Le COCA est généralement assez standard dans une industrie, bien entendu il y a des différences entre les entreprises (donner son COCA est d'ailleurs en soi une info plutôt confidentielle je trouve), mais la plus grande différence viendra surtout du repeat.
Quand j'ai initié l'acquisition d'Access Moto par Motoblouz en 2010, c'était assez striking : les COCA n'étaient pas tellement éloignés entre Motoblouz et Access Moto, mais cette dernière, de par notamment sa médiocre qualité de service, avait un repeat exécrable. C'est simple, les clients ne revenaient que très peu, et l'entreprise devait alors se ruiner tous les ans pour acquérir des nouveaux clients et arriver à un CA permettant de ne pas trop perdre d'argent...
Et tant qu'on a pas un bon repeat, signe à la fois d'un besoin client intrinsèque et d'une bonne offre de l'entreprise, donc que le ratio LTV/COCA n'est pas bon, il ne faut évidemment pas investir massivement en marketing car la on est sûr que c'est juste une fuite en avant qui conduit mécaniquement à la ruine de l'entreprise tôt ou tard.
Tant que le ratio LTV/COCA n'est pas bon, la priorité est de le redresser en travaillant son positionnement et son offre, pas d'accélérer le marketing d'acquisition.
Side point, un bon repeat étant le signe notamment que la base de clients est satisfaite de l'offre de l'entreprise, cela améliore le COCA car il y aura mécaniquement plus de bouche à oreille positif, donc moins (relativement) de besoin d'acquisition payante.
Et pour revenir à Plus-de-Bulles, le ratio LTV/COCA est de l'ordre de 5 à 6 actuellement en moyenne, et probablement plutôt de l'ordre de 10 à 15x pour le coeur de cible, qui est celui des vrais amateurs de champagne. Des clients de 2010 reviennent encore 10 ans après, donc la Life Time est...très longue ! Cela permet une belle croissance saine et rentable. L'entreprise ne cherche pas à séduire de façon universelle, elle ne va en effet pas s'amuser à concurrencer les hypermarchés en vendant du Cordon Rouge ou du Nicolas Feuillate à -20%, cela apporterait sans doute un volume colossal, mais n'aurait aucun intérêt.

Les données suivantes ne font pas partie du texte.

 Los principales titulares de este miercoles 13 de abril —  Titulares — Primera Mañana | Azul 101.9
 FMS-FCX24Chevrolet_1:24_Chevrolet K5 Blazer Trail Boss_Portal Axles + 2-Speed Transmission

Trouver des segments plus pointus offrant une croissance vertueuse et rentable est d'ailleurs probablement la chose à faire pour la majorité des entreprises, plutôt que de chercher tout de suite l'offre universelle la plus large sur des marchés très importants. Car cette dernière stratégie exige logiquement énormément de capitaux. Bien entendu cela est toujours possible, certains y arrivent, mais de facto très peu.